私の声を無視して、はた迷惑な男子が迫って来る。

「近藤悠理ぃ!!!僕と勝負しろぉっ!!」

出会って早々に勝負を挑んでくる辺り。

空気が読めない馬鹿だと思う。

だけど、この状況で無視することはできないのよね…。

検定試験会場の規定で試合を断ることさえできないのよ。

それが分かっているから。

私はしぶしぶ振り返って声の主に視線を向けてみたわ。

私の背後にいる人物。

それは、やっぱり。

「あんたよね…。
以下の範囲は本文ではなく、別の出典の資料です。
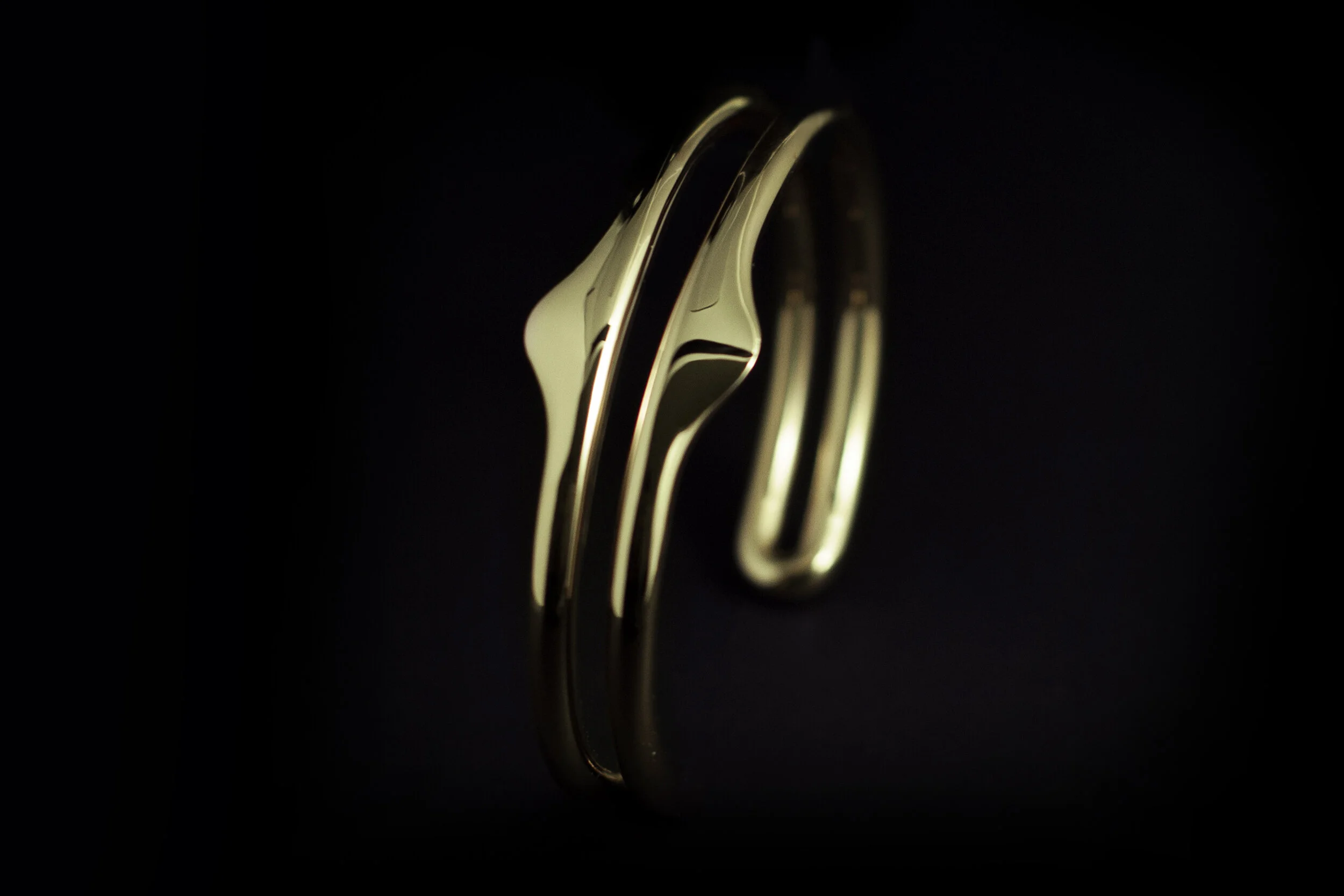 MANTA_echo_gold-C.jpg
」

とてつもない絶望感。

ただただ面倒臭いだけの男。

ある意味、ストーカーって言えるんじゃないかな?

今の生徒番号は21395番で、以前は私の5つ上の番号だったわ。

だけど私にあっさりと敗北してから、
あれよあれよと言う間に最下位にまで落ち込んだ男子なのよ。

馬鹿の名前は武藤慎吾(むとうしんご)

私の最初の対戦相手だけど。

今では戦う必要さえない雑魚だと思ってる。

だって天城総魔と美袋先輩と御堂先輩の3人が降格するまでは最下位として君臨し続けていたのがこの馬鹿なのよ?

私に負けたその日から、
毎日のように私に挑んでは敗北を続けているわ。

その結果。

対戦成績は私の6戦6勝0敗0引き分けの無敗。

なのに。

今日も馬鹿は試合を挑んで来るつもりみたい。

今日も負ければ連続一週間敗北記録が達成されるだけなのに、
それでも諦めるつもりはないようね。

「…って言うか、誰なの?」

戸惑う翔子先輩に、私はため息混じりに答えることにしたわ。

「この馬鹿の名前は武藤慎吾むとうしんごで、先輩達が降格するまで最下位だった男です」

それが事実なのに。

「今は違う!!」

私の説明を聞いていた馬鹿が即座に訂正して来たわ。

「最下位じゃないぞ!」

はあ?

当然でしょっ!

先輩達が降格してきたんだから。

対戦成績全戦全敗のあんたが順位を上げてもらっただけでも感謝しなさいっての。

「え~っと…どうすればいいのかな?」

「って言うか、だから何なの?」

怒り心頭に接近してきた馬鹿に対して、
どう対処していいか分からずに戸惑う先輩達だけど。

むしろ私の方が助けてほしいです。

誰でもいからこの馬鹿をどこか遠くへ連れていってくれないかな?

そんな私の心からの願いも虚しく、馬鹿が消え去る様子は一切なかったわ。

「勝負しろ!!!」

試合を望む馬鹿が手続きをしてしまうせいで、
格下からの指名権によって今日も私は馬鹿の相手をしなくちゃいけなくなってしまったのよ。